● Task details:
Tally how many lines in this material contain the word "Variable", and reply only with the count.

● Material for the task:
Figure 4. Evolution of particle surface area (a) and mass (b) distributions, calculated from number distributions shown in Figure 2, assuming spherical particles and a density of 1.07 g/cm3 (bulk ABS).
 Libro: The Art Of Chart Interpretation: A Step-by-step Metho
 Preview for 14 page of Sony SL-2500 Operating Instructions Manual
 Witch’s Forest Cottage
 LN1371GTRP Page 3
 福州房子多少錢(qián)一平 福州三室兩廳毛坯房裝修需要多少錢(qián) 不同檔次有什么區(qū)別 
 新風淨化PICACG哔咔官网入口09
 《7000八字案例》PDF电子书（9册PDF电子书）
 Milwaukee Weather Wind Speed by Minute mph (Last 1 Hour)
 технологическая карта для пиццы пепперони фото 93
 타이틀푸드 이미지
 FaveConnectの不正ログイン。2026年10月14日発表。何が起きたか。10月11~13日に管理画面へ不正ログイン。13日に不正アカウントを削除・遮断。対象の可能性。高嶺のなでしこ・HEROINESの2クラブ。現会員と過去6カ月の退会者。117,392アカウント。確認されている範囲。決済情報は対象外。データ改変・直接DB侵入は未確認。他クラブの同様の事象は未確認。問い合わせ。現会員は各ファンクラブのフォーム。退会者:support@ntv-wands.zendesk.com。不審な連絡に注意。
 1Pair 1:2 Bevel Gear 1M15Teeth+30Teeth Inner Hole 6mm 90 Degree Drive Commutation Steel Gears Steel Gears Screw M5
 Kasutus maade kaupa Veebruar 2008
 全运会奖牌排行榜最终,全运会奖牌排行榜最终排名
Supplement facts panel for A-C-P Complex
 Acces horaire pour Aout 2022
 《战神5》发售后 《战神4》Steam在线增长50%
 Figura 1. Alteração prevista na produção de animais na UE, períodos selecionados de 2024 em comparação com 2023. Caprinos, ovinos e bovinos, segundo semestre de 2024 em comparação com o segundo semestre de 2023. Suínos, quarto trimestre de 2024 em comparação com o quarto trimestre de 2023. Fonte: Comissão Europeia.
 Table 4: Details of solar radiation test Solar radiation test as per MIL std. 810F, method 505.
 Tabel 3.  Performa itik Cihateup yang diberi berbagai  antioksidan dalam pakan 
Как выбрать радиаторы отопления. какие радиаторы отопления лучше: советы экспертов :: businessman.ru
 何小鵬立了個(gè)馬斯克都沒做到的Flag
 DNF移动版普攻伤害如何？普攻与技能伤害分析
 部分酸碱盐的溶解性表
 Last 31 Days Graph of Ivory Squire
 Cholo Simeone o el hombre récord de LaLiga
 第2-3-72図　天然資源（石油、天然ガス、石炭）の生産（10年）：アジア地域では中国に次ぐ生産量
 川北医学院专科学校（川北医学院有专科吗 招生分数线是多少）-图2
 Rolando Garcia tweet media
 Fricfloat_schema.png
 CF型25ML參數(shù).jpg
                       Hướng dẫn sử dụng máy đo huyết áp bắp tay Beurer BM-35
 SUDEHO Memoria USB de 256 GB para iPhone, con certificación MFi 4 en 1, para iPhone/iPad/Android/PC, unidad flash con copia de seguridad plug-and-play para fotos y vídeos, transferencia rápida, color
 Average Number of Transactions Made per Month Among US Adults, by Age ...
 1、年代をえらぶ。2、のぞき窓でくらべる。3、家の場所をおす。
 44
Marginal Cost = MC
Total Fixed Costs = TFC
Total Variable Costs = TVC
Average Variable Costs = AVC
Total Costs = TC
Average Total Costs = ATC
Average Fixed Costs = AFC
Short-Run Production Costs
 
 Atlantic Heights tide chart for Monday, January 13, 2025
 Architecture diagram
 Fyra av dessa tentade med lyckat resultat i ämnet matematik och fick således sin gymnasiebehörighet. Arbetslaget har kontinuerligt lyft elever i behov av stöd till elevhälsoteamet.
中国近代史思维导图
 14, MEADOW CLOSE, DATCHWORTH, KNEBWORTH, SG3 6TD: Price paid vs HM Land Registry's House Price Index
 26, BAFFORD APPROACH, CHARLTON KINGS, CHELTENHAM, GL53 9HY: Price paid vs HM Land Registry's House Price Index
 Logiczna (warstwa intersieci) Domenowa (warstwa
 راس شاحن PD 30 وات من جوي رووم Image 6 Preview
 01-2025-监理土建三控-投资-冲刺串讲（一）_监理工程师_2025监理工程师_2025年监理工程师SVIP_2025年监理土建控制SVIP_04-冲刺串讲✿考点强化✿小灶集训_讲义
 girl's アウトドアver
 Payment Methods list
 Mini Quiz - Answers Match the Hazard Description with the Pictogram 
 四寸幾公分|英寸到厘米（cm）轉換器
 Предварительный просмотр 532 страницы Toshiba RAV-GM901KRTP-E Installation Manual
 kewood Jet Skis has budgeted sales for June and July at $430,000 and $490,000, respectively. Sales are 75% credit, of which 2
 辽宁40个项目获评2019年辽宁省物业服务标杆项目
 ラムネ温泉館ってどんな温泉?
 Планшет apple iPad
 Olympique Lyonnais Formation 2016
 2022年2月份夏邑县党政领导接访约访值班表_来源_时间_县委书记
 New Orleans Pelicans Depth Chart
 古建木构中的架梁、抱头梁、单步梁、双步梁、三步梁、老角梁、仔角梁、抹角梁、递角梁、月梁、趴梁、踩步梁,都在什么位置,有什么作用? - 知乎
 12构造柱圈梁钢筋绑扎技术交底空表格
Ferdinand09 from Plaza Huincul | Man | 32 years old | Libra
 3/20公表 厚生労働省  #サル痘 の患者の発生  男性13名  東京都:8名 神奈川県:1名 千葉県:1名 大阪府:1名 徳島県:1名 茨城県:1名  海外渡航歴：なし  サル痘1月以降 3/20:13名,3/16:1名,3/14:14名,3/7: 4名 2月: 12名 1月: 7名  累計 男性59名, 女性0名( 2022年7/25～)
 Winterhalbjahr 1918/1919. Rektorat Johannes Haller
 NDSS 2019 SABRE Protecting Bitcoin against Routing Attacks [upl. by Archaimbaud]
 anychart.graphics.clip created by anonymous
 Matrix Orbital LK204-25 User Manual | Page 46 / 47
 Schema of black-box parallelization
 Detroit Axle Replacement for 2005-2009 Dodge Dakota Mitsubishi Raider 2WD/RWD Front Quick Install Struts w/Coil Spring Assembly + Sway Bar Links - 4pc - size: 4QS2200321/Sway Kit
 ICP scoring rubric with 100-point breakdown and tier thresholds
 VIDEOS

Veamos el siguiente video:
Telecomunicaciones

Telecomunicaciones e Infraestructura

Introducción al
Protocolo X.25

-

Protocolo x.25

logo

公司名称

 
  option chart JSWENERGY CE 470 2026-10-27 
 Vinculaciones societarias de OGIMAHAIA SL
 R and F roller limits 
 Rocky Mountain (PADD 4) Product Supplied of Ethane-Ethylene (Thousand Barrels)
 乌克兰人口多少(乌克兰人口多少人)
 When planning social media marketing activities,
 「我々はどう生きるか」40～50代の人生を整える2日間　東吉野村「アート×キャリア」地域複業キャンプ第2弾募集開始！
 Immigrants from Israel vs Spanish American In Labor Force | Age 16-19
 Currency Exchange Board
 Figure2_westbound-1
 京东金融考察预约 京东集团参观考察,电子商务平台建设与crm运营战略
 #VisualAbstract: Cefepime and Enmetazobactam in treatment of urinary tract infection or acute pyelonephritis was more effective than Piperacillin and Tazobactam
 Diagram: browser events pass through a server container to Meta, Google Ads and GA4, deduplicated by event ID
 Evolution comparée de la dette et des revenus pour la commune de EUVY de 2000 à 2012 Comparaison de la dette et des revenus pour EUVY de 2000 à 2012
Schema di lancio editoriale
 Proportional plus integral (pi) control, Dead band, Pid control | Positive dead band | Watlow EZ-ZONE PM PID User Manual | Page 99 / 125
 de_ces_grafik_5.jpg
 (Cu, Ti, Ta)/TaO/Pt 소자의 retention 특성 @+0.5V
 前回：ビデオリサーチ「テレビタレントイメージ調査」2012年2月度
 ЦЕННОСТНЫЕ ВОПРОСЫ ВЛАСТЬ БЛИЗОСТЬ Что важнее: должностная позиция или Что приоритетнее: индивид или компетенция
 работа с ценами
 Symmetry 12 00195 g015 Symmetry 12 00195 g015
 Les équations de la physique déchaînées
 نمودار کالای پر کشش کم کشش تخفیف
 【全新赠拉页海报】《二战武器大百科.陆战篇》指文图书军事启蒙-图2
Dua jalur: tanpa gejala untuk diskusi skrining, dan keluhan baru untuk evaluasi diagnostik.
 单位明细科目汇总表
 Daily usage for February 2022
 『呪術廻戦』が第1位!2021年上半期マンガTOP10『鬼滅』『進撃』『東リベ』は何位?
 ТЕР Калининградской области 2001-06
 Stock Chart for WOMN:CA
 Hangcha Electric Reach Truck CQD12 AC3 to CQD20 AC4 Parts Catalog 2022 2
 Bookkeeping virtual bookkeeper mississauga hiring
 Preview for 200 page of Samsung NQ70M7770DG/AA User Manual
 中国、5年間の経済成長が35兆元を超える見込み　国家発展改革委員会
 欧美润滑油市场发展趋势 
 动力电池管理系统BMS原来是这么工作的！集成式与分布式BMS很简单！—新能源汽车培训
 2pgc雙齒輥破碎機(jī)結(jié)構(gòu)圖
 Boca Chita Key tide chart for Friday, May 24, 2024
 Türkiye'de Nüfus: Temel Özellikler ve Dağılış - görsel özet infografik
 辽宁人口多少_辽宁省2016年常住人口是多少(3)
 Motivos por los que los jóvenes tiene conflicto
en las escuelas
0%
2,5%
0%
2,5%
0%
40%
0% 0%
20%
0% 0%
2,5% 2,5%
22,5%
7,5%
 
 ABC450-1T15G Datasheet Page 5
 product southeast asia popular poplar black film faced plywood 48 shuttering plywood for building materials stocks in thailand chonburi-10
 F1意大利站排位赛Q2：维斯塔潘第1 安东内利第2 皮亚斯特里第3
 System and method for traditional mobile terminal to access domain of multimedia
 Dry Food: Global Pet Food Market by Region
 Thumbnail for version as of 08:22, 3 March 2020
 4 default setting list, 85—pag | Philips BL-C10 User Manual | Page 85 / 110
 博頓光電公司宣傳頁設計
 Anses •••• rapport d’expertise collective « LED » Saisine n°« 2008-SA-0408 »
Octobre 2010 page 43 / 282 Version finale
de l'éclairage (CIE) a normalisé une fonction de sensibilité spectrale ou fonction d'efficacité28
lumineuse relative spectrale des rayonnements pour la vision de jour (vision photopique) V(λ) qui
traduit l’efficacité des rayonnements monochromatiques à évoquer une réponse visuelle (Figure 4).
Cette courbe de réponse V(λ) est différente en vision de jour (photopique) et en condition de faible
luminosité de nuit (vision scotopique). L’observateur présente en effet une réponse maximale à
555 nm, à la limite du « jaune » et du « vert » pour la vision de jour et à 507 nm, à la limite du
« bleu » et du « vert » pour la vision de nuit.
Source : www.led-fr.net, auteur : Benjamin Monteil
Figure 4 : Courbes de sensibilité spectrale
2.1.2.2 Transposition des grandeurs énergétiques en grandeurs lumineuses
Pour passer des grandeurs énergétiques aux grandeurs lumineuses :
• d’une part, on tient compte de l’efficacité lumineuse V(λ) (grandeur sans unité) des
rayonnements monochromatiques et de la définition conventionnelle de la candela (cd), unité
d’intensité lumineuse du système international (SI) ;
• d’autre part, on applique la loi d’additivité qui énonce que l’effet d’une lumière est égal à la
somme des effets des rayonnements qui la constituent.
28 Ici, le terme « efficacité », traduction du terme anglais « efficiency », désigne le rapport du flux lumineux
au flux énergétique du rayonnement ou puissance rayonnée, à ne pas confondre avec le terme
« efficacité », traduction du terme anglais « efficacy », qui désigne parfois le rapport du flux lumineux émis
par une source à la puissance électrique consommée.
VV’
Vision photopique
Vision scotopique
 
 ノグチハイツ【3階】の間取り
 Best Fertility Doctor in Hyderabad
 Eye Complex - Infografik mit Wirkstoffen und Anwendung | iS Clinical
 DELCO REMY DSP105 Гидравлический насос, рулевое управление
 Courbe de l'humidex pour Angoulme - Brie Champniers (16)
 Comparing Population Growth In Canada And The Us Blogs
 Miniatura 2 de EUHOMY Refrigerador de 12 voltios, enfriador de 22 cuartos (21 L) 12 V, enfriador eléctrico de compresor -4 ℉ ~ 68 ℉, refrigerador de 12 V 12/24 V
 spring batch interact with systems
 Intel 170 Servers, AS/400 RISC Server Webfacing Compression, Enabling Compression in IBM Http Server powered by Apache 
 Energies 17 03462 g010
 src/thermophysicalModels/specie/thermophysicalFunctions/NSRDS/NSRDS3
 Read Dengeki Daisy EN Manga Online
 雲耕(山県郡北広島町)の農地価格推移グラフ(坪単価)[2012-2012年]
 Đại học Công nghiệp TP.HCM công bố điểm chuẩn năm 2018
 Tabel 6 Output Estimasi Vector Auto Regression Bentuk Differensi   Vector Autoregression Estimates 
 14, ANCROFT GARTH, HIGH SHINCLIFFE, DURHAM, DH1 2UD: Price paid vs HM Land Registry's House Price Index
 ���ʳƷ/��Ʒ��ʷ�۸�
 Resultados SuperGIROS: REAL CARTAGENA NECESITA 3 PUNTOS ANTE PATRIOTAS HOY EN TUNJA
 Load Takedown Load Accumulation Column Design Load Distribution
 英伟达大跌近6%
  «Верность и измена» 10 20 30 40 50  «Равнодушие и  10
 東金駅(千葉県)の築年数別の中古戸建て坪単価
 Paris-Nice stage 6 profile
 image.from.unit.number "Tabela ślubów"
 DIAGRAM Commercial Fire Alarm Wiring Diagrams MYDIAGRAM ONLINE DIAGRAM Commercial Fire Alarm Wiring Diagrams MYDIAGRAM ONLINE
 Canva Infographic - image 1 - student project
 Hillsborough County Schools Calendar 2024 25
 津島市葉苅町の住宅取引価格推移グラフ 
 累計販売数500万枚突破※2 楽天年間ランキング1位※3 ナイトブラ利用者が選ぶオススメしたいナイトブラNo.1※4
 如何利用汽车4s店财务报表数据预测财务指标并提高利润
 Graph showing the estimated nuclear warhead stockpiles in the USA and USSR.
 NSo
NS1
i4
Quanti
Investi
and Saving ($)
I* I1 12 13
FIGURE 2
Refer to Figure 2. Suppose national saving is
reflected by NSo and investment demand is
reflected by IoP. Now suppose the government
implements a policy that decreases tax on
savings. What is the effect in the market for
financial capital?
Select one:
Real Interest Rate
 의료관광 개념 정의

● Response to this task:
2